The Tangle Box by Terry Brooks

To one side, the Gorse hissed purposefully.

“The box, Horris!” Biggar whispered in his ear, an urgent plea from his perch on the conjurer’s shoulder.

Horris started out of his shock, then hurriedly stumbled forward onto the dais. He stared down at the swirling, misty surface of the Tangle Box. There was nothing to be seen. The box was closed once more.

Horris stepped back, sweating, breathing hard. He exhaled slowly. It had worked just as the Gorse had promised. The Gorse told them the notes would attract the three, their greatest potential enemies, the only ones in Landover who could offer any real threat. It told them the notes were spellbound so that their readers would find them impossible to resist, even should their reason and good sense caution otherwise. It told them the conjurings and magics and symbols of power cast and set about the Heart would ensnare the unsuspecting trio so swiftly that none would escape. It told them finally that the Tangle Box was a prison from which they would never escape.

But Horris couldn’t help asking again anyway. “What if they get out?”

The Gorse laughed, a low, humorless sound in the darkness. “They will never get out. They won’t even know enough to want to get out.

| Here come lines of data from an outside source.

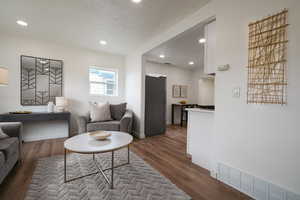 Living room featuring dark wood-style floors, recessed lighting, and a textured ceiling
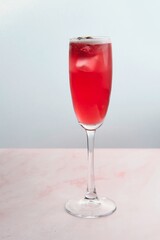 Red Cocktail with Straw and Fresh Strawberry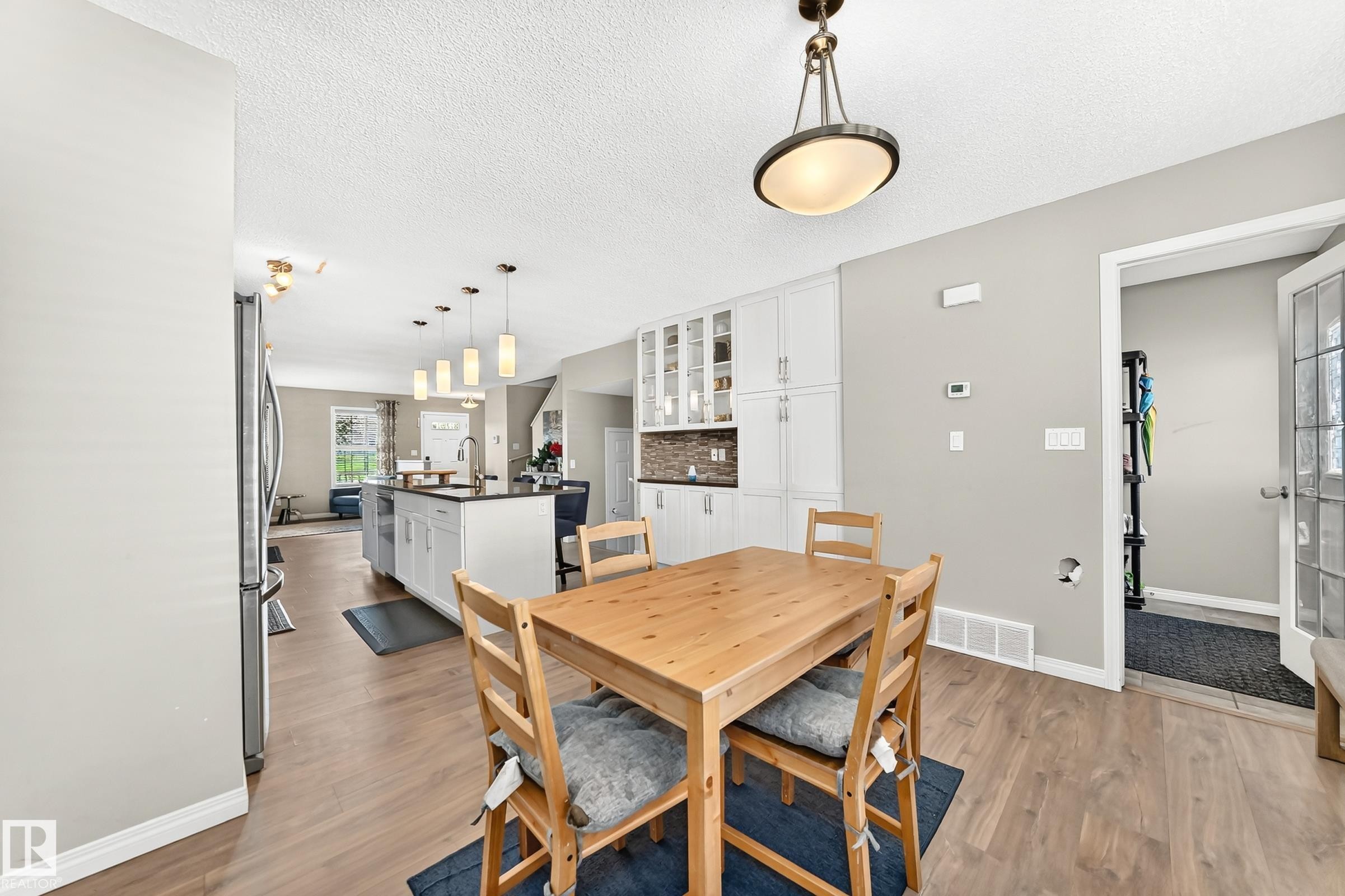 Open-concept kitchen and dining area featuring wood-finish flooring, white cabinetry, a kitchen island with pendant lighting, and a dark countertop - 875 Chappelle Link Link Sw, Edmonton, AB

I’ve taken steps to see to that. By now, they are hopeless prisoners. They don’t know who they are. They don’t know where they are. They are lost to the mists.”

Biggar ruffled his feathers. “Serves them right,” he croaked dismissively.

“Pick up the box,” the Gorse ordered once more.

Horris was quicker to respond this time. He snatched up the carved wooden container obediently, being careful nevertheless to hold it away from him. “What do we do now?”

The Gorse was already moving. “We take the box back to the cave, and we wait.” The voice was smooth and self-satisfied. “After the King’s absence has caused sufficient panic, you and the bird will pay another visit to your friends at Sterling Silver.”

The Gorse eased through the gloom like smoke. “Only this time you will take them a little surprise.”

Labyrinth

The Knight woke startled and alert, lifting off the ground as if jerked erect by invisible wires. He had been dreaming, and while the dream itself was already forgotten, the impression it had made on him lingered. His breathing was quick and his heartbeat rapid, and it seemed as if he had run a long way in his sleep. He felt a damp heat on his body beneath his clothing and along his hairline. He felt poised on the edge of something about to happen.

His eyes shifted anxiously through the gloom. He was in a forest of huge, dark trees that rose like columns to hold up the sky. Except there was no sky to be seen, only the mist that roiled overhead, blotting out everything, even the highest branches. The darkness of the forest was a twilight that was as much a part of day as night, as much of morning as evening. It was not real, and yet the Knight recognized instinctively that it was the only reality of this place in which he found himself.

Where was he?

He did not know. He could not remember.

There were others. Where were they?

He came to his feet swiftly, aware of the weight of the broadsword slung across his back, of the knife at his waist, of the chain mail that warded his chest and back. He was dressed all in black, his clothing loose-fitting and leather-bound, with boots, belt, and gloves. His armor was somewhere close, though he couldn’t see it. It was close, he knew, because he could sense its presence, and his armor always came to him when he needed it.

Although he didn’t know why.

A medallion hung against his chest beneath his tunic. He lifted it free and stared at it. It was an image of himself riding out of a castle at sunrise. It was familiar to him, and yet it was as if he were seeing it for the first time. What did it mean?

He brushed his confusion aside, and cast about in the gloom. Something stirred at the clearing’s far edge, and he moved toward it swiftly. A figure who lay curled upon the ground straightened as he neared and pushed itself up with both arms extended. Long black hair with a single streak of white through its center hung down across face and shoulders, and robes trailed on the earth like liquid shadows.